Belgian counter-terrorism police are probing the identity of a suspected suicide bomber shot dead by troops guarding a Brussels railway station after he set off explosives that failed to injure anyone.
"We consider this a terrorist attack," prosecutor Eric Van Der Sypt told reporters, declining comment on witness accounts that the man had shouted Islamist slogans before detonating what witnesses said were one or two devices in luggage.
Although no one was hurt on Tuesday night, billows of smoke pouring through Central Station and a shared awareness of Islamic State attacks in the city last year and more recently in Britain, France and elsewhere, sent evening commuters racing for cover.
Police halted rail traffic, evacuated the site and cleared streets crowded with tourists and locals enjoying a hot summer's evening in the historic city centre between the station and nearby Grand Place, Brussels' landmark Renaissance town square.

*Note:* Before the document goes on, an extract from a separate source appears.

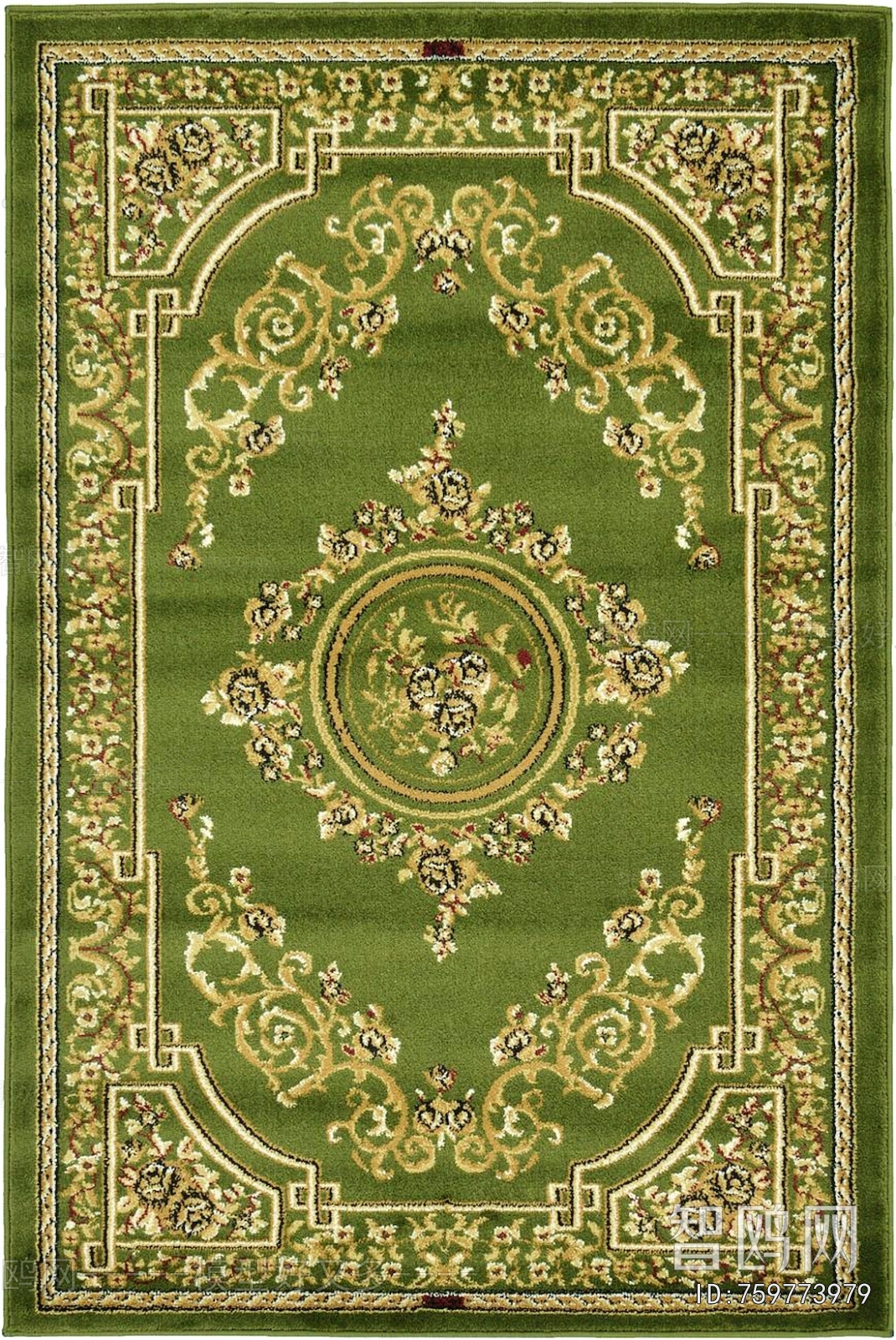 European Carpet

The Belgian capital, home to the headquarters of NATO and the European Union, has been on high alert since a Brussels-based Islamic State cell organised the attack that killed 130 people in Paris in November 2015.
Four months later, associates of those attackers killed 32 people in their home city.
Since then, attacks in France, but also in Germany, Sweden and, most recently, in Britain, have been carried out in the name of the Syria-based Islamist militant group by other young men, many of them locals, raising fears of more violence in a city where almost a quarter of the population of 1.2 million are Muslim.
Witnesses spoke of a man who shouted Islamist slogans, including "Allahu akbar" - God is greater - in Arabic, in an underground area of the station still busy with commuters making their way home and seemed to set off one or two small blasts.
Security experts said Tuesday's incident could have been similar to "lone-wolf" assaults carried out by radicalised individuals with limited access to weapons and training.
"Such isolated acts will continue in Brussels, in Paris and elsewhere. It's inevitable," Brussels security consultant Claude Moniquet, a former French agent, told broadcaster RTL.
With Islamic State under pressure in Syria - where Belgium has been the most fertile European recruiting ground for foreign Islamist fighters - he said attacks in Europe could increase, although many would be by "amateurs" doing little harm.
He compared Tuesday's incident to that on Paris' Champs-Elysees avenue a day earlier, when a man was killed when he rammed his car, filled with explosive and weapons, into a French police convoy. No one else was injured.